In case you did miss it, we had confirmation that the ten Elite League teams will compete for it, with Milton Keynes Lightning no longer in the league.
Like previous years, there’s a group stage, quarter final, semi final and of course, a final which will take place in Cardiff’s Viola Arena, taking place on 8th March 2020.
The group stage sees three groups, one of four and two of three with Belfast Giants, Dundee Stars, Fife Flyers and Glasgow Clan all making up Group A.
Group B comprises of Cardiff Devils, Coventry Blaze and Guildford Flames, while Group C has Manchester Storm, Nottingham Panthers and Sheffield Steelers.
The four-team group will play each other once at home and once away – six games. The two three-team groups play each other twice home and twice away. That’s eight games.

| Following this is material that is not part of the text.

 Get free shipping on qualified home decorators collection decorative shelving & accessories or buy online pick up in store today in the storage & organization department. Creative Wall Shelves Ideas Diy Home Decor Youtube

From those ten teams, eight will reach the quarter final, with the four team group seeing three go through while the two smaller groups have the top two from each progress.
Then the two bottom teams will play off in a one-off game to decide the eighth and final quarter finalist. Yes, you read that right.
So teams in the three team groups not good enough to qualify automatically after eight games get a ninth game to try and go through, while the team with only six games to play doesn’t. Hmmm.
By not having a third opponent, you’re compensated with two more games, but can still gain a lifeline to the knockout stage if you end up bottom. In fact, you could lose all eight games, turn up for the ‘play-in round’ game, win that and you’re through. Where is the sense in that?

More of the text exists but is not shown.